▶ Task goal: Leave every picture out and return the rest of the listing verbatim.

▶ Data:
───
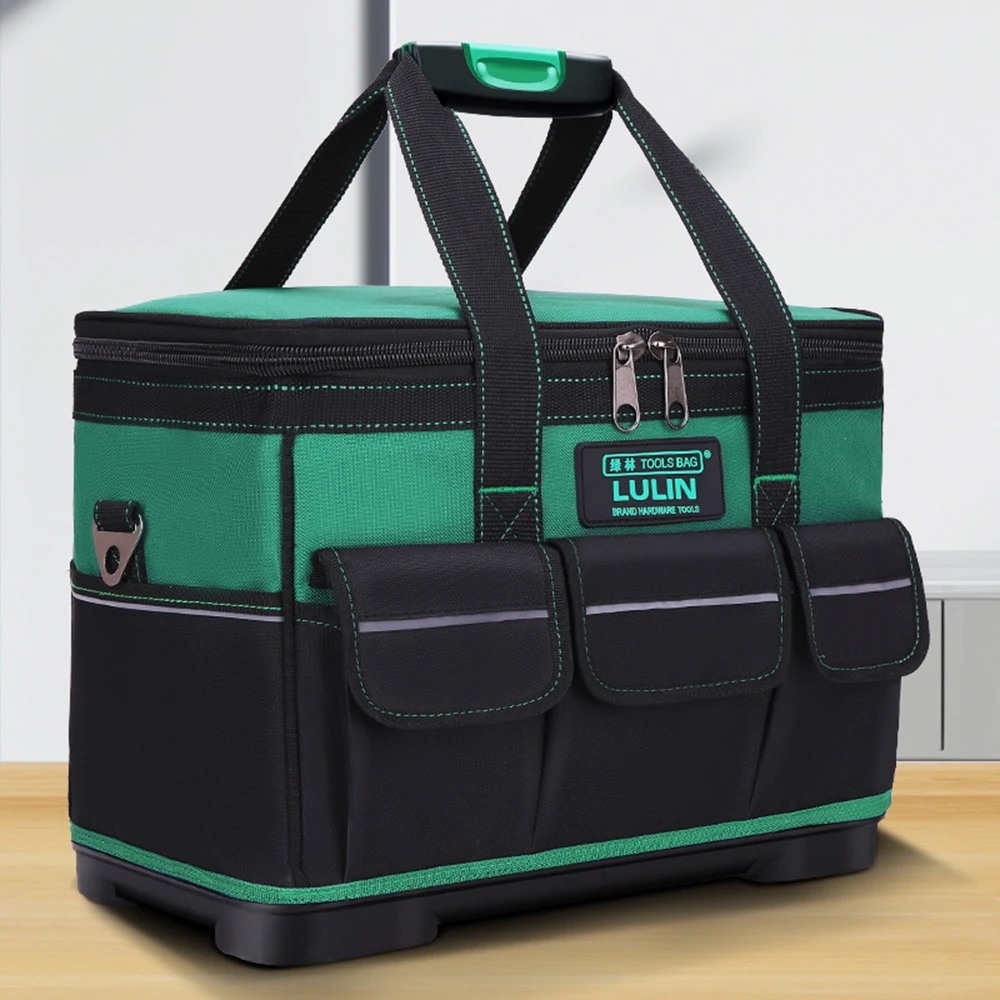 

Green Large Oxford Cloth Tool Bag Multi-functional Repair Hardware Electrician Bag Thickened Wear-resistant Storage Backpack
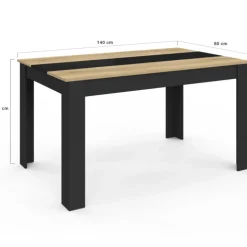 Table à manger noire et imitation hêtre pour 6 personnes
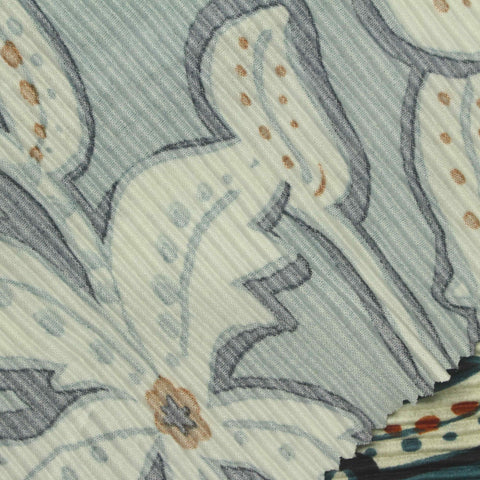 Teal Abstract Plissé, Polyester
───
▶ Written answer:
Green Large Oxford Cloth Tool Bag Multi-functional Repair Hardware Electrician Bag Thickened Wear-resistant Storage Backpack
 Table à manger noire et imitation hêtre pour 6 personnes
 Teal Abstract Plissé, Polyester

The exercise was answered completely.